Pour les marchés financiers en déroute, le moment est grave. “ Soudain, le secteur bancaire semble revenu quatre mois en arrière. Comme lors de la faillite de Lehman Brothers (le 15 septembre 2008) chaque journée est rythmée par son lot de nouvelles désastreuses (...). Et comme en septembre, la rumeur devient poison mortel (...). Cette rechute des « subprime » intervient alors que les gouvernements croyaient pouvoir maintenir à flot leurs banques à coup d’injections massives de fonds publics ” (2) écrit le Temps du 20 janvier. On en parle de plus en plus, ajoute le New York Times, “ Les gouvernements auront-ils à acheter les actifs toxiques pour les réunir dans une “ mauvaise banque ” (bad bank) ou une “banque de regroupement” (aggregator bank) qu’ils financeraient ? (...) Les banques pourraient ne pas vouloir de cette ouverture, parce qu’évaluer précisément leurs actifs toxiques pourrait en obliger certaines à enregistrer de lourdes pertes, à admettre leur insolvabilité et à fermer boutique ” (3).

Notons que les plus responsables du maelström actuel sont les plus absents : la crise financière est partie des Etats-Unis, mais Barak Obama travaille chez lui, elle entraîne l’économie réelle mais les banquiers restent chez eux. Et que ceux à qui revient in fine la charge financière et politique d’une déroute qui bouleverse le monde et la vie des populations sont les politiques – eux, très présents – , ceux-là mêmes auxquels financiers et acteurs économiques déniaient ces dernières années, au sein du Forum économique mondial, la légitimité d’interférer dans les affaires économiques. Ils n’étaient pas les seuls. Qu’avons-nous vu en effet ? Le développement progressif d’associations d’intérêts privés revendiquer une légitimité parallèle (organisations non gouvernementales, églises, groupes d’influence informels) et non subordonnée à celle des Etats – c’est-à-dire, au moins en démocratie, des élus, de ceux qui représentent le bien commun.

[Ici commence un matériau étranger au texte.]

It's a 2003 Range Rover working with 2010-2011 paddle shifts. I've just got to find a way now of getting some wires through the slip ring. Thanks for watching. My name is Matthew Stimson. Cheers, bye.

La bourrasque a emporté – pour l’instant – les discours sur les “nouvelles légitimités”, “l’effacement du politique” et le “moins d’Etat”. Et si 43 chefs d’Etat ont choisi d’assister cette année au Forum, c’est avec l’autorité retrouvée de ceux qui détiennent les cordons d’une bourse très sollicitée, celle des nations qu’ils représentent, celle de leurs électeurs, celle de ceux qui vont régler la note au final. Note pharaonique. Les banquiers absents en ont creusé la plus grande part. Mais les acteurs économiques sont bien présents, eux, avec la multiplication des “plans de relance” qui leur sont vitaux. Et là, le problème est complexe : faut-il privilégier les secteurs anciens (l’automobile, par exemple), vecteurs de croissance jusqu’ici et porteurs de millions d’emplois par le passé – quand nous changeons d’ère et de comportements ? Comment assurer la transition avec demain ? Comment s’assurer des outils de l’échange (monnaies, système financier) adéquats ?

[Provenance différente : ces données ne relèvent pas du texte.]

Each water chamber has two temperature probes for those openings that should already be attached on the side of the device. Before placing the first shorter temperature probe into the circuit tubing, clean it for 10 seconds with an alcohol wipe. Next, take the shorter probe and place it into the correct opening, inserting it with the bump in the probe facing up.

Il n’est donc pas mauvais que ceux qui auront la responsabilité politique – la légitimité – de ces choix rencontrent, écoutent, travaillent avec les acteurs économiques qui ne peuvent pas seuls “redessiner le monde de l’après crise” quoiqu’en disent (encore !) certains des experts adeptes des algorithmes magiques de la finance – ou leurs confrères nostalgiques, appelant de leurs voeux un retour à l’avant crise. Nous ne doutons pas que les chefs d’Etat présents ont à l’esprit quelques exemples terribles, comme la faillite de l’Islande, la déroute de l’Irlande et de la Grande Bretagne, le naufrage américain, les craquements de l’Asie, les tensions sur les monnaies, pour faire court. Et qu’ils ont parfaitement entendu les rues résonner des cris de révolte (Grèce, Lituanie, Bulgarie, Chine...) auxquels ils avaient été sourds (5) il y a peu (émeutes de la faim). Il est bon aussi qu’ils se rencontrent (ce qu’ils n’avaient pas fait à cette échelle en 1929) quand ils ont ensemble à charge de redessiner, eux, un ordre mondial cohérent.

Cette fois, l’urgence exclut la paresse. Le G20 (85 % du PNB mondial) se réunira à Londres, en présence cette fois de Barak Obama, le 2 avril prochain. Il s’agira, en continuation de la réunion du 15 novembre dernier, de réformer le système financier international, et de prendre des mesures à “haute priorité” selon le Premier ministre britannique qui préside le groupe depuis le 1er janvier. En espérant que le cours, l’observation des choses et le travail accompli entre temps les aient instruits et aidés à surmonter leur désarroi initial. Parce qu’ils ont, eux, la responsabilité de leurs actes, dont ils devront rendre compte, ce qui n’est pas le cas des “chats gras” (fat cats) qui ont fait bombance dans les neiges de Davos depuis presque quarante ans – avec beaucoup d’arrogance pour les résultats que l’on voit.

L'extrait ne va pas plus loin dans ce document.